Electric vehicle charging solutions provider, Allego N.V. (NYSE:ALLG), disclosed the completion and results of its recently announced warrant exchange offer and consent solicitation on Friday. The offer, which concerned the company's outstanding warrants to purchase ordinary shares of nominal value €0.12 each, expired at midnight, Eastern Time, on Thursday.
According to the company's records, approximately 94.3% of the outstanding warrants, amounting to 13,015,201 in total, were validly tendered and not validly withdrawn before the expiration of the exchange offer and consent solicitation. Allego anticipates accepting all validly tendered warrants for exchange and settlement by October 3, 2023.

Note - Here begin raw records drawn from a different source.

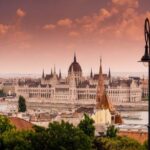 Welcome to BUDA and PEST Private Walking tour - Authentic Insights from Reviewers
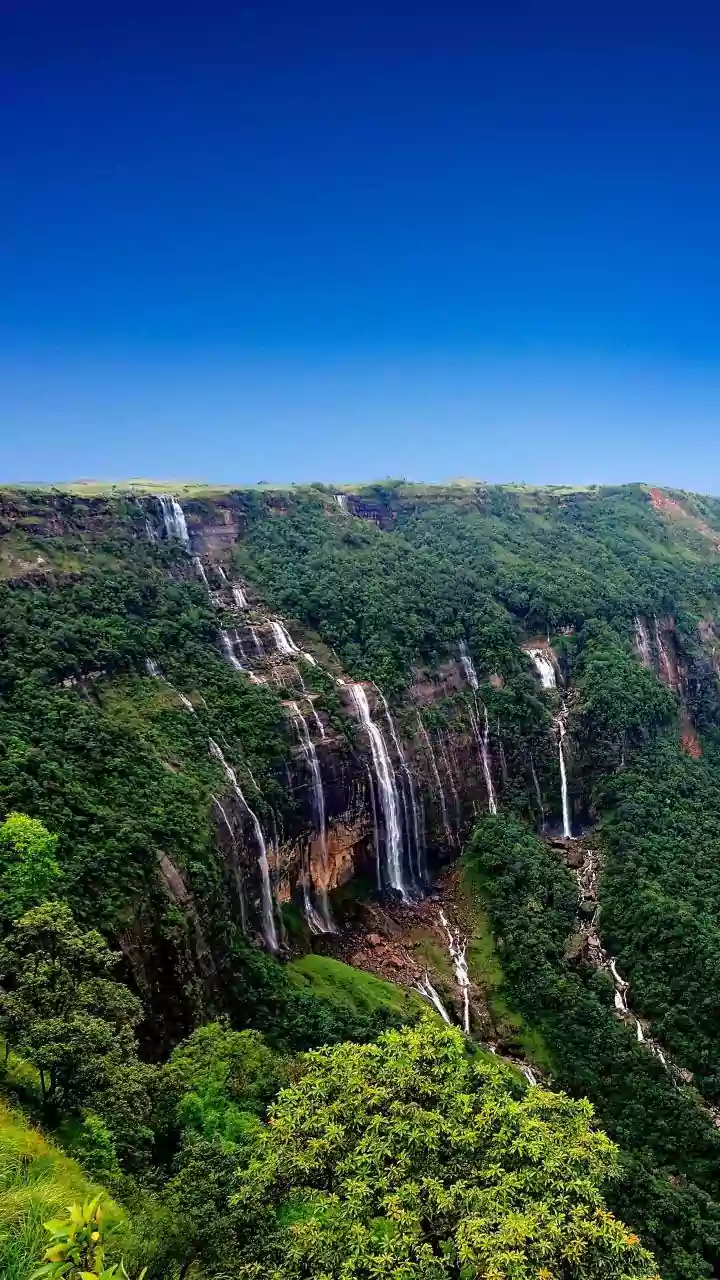 Perfect Monsoon Breaks For Bengaluru Residents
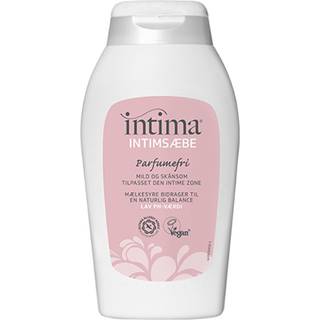 Intima Intimsæbe - 250 ml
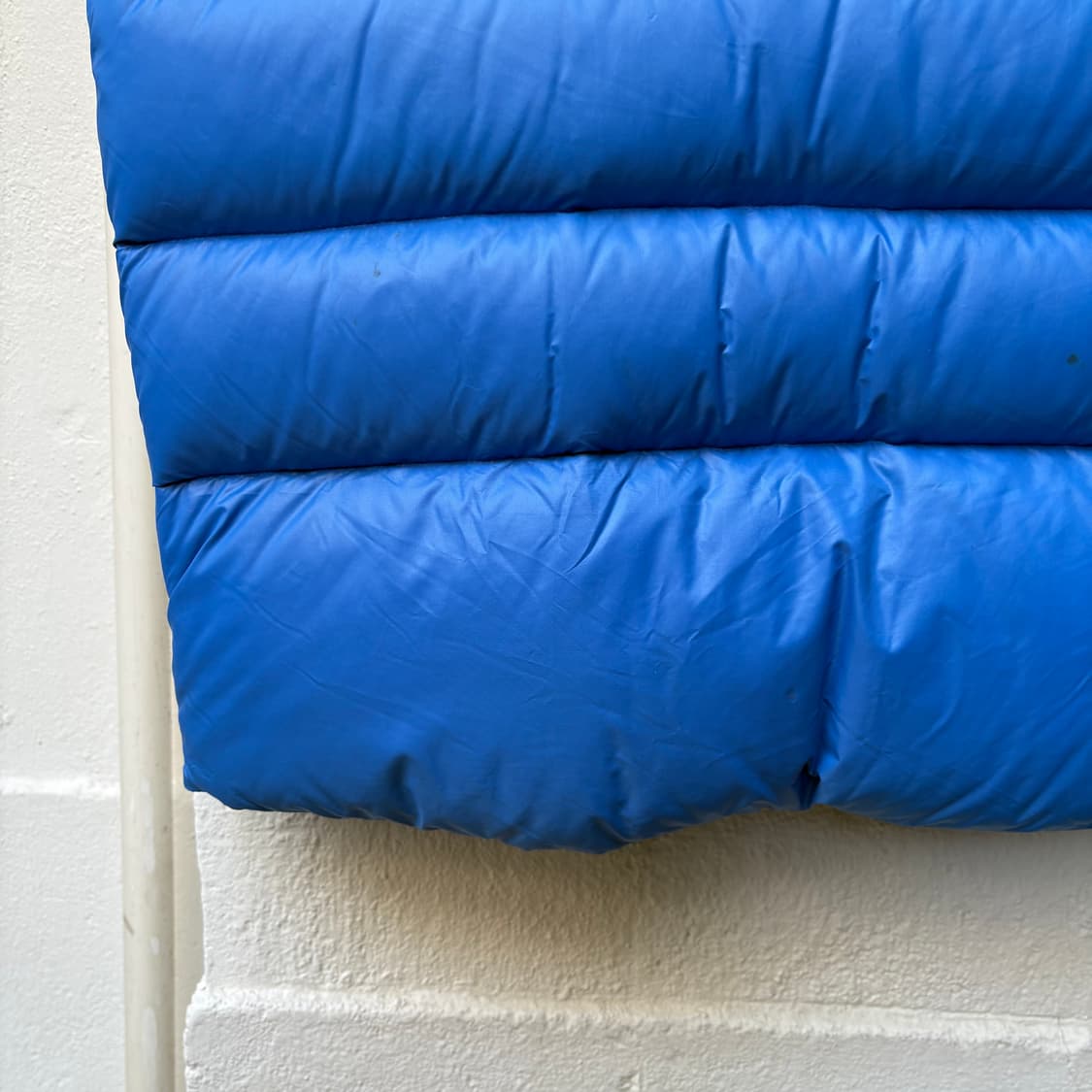 나이키 에이씨지 Nike Acg 블루 구스 다운 베스트 상품이미지8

The company plans to carry out the Warrant Amendment concurrently with the settlement of the Exchange Offer. Following this, Allego expects to exercise its right according to the terms of the Warrant Amendment to exchange all remaining untendered Warrants for shares of the Company's Ordinary Shares. Consequently, no Warrants will remain outstanding.
Allego also confirmed that its Registration Statement on Form F-4 filed with the Securities and Exchange Commission (the “SEC”), registering the Company's Ordinary Shares issuable in the Exchange Offer was declared effective by the SEC on Thursday. BofA Securities, Inc. acted as the dealer manager for the Exchange Offer and Consent Solicitation.